Und weiter: »Die Kommission degradiert mit ihrer Betonung des wirtschaftlichen Aspekts den Wert und die gesellschaftliche Funktion des Kulturguts Buch zur bloßen Handelsware. Bücher haben nicht nur einen Preis, sie haben vor allem einen immateriellen Wert. Die literarische Welt in Deutschland ist in ihrer Vielfalt an Autoren, Verlagen und Buchhandlungen fast einzigartig und deshalb nachhaltig zu schützen! Der Bestand dieser kulturellen Errungenschaft, die prägend für Deutschland als Kulturnation ist, kann nicht allein den Mechanismen des freien Marktes überlassen werden. Gerade angesichts der Marktmacht einiger weniger global agierender Internetkonzerne ist die Buchpreisbindung als zentrales Instrument der Vielfaltssicherung für die deutsche Buch- und Verlagslandschaft unverzichtbar. Deshalb setze ich mich weiterhin mit aller Kraft für den Erhalt der Buchpreisbindung ein.«

Anlässlich der Veröffentlichung des Gutachtens der deutschen Monopolkommission bekräftigt auch der Börsenverein des Deutschen Buchhandels die Bedeutung der Buchpreisbindung für das Kulturgut Buch. »Der deutsche Buchmarkt, der zweitgrößte weltweit, ist ein Vorbild für Qualität und Vielfalt. Genau das ist auch das Verdienst der Buchpreisbindung. Denn sie fördert nicht nur ein filigranes Netz an Buchhandlungen, die das Kulturgut Buch für eine breite Öffentlichkeit zugänglich machen und gleichzeitig wichtige Kulturstationen vor Ort sind. Die Preisbindung garantiert auch ein breites und vielfältiges Buchangebot. Insgesamt bewahrt und fördert die Buchpreisbindung das Kulturgut Buch, ohne den Wettbewerb unangemessen zu beschränken, weder für inländische noch für ausländische Händler. Dies haben wir gegenüber der Monopolkommission bereits ausführlich dargelegt«, sagt Alexander Skipis, Hauptgeschäftsführer des Börsenvereins.

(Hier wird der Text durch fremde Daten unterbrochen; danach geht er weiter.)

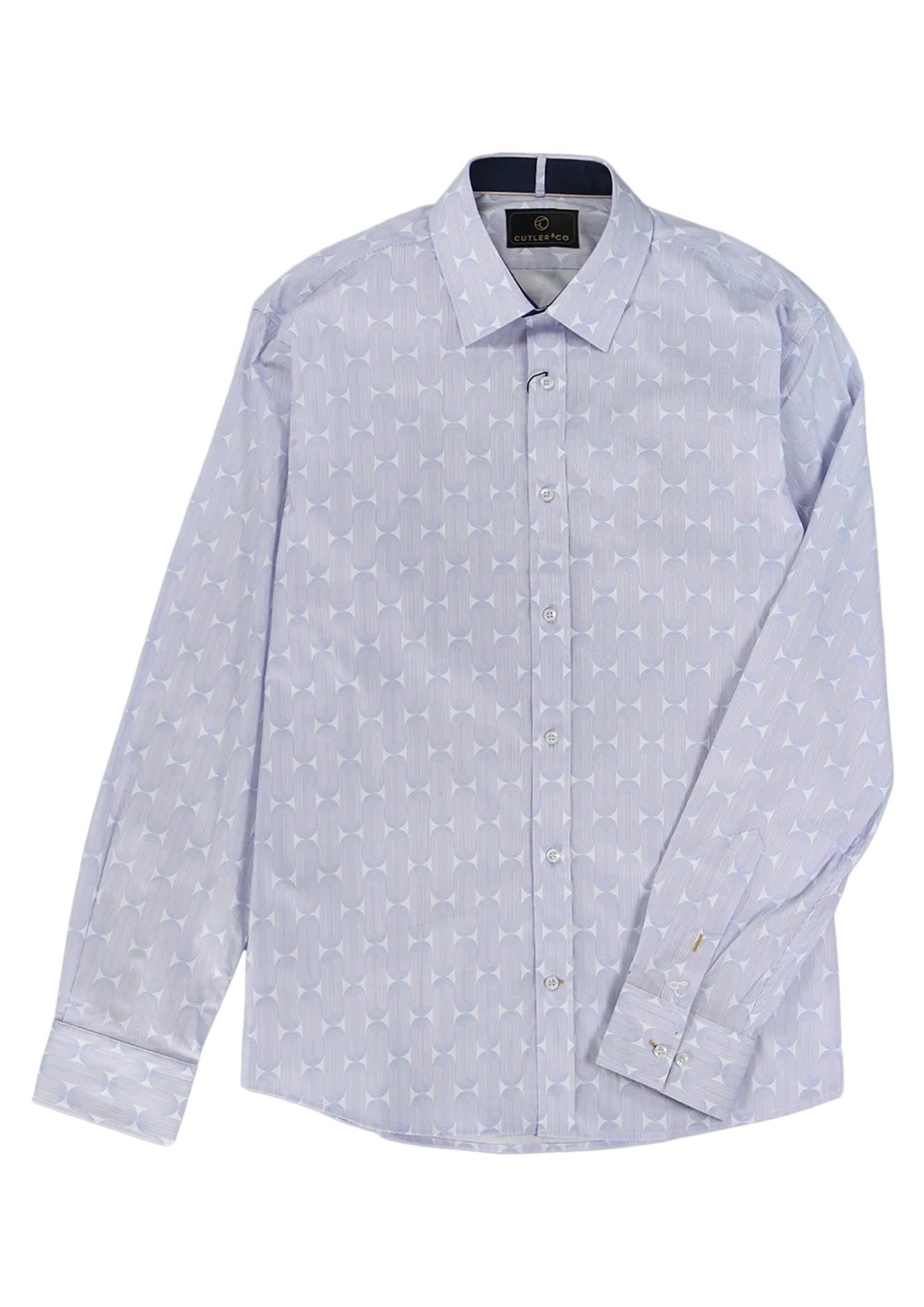 Cutler & Co - Blake Shirt - Blue Geo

»Das Gutachten der Monopolkommission beruht auf einer sehr dürftigen Datenlage. Es wertet wissenschaftliche Studien aus, die zum Großteil veraltet sind, und verzichtet gänzlich auf eigene Erhebungen aktueller Marktdaten. Letztlich wiederholt die Monopolkommission bekannte neoliberale Positionen aus dem Gutachten, welches sie schon im Jahr 2000 zur Buchpreisbindung erstellt hat. Wenig überzeugend ist die Deutung der Auswirkungen der Abschaffung der Buchpreisbindung in der Schweiz. Hier übersieht die Kommission, dass die relativ stabile Lage deutschschweizerischer Verlage darauf zurückzuführen ist, dass diese über 80 Prozent ihrer Umsätze im Preisbindungsland Deutschland erwirtschaften. Hingegen ist die Zahl der Buchhandlungen in der deutschsprachigen Schweiz nach der Abschaffung der Buchpreisbindung massiv zurückgegangen«, so Skipis weiter.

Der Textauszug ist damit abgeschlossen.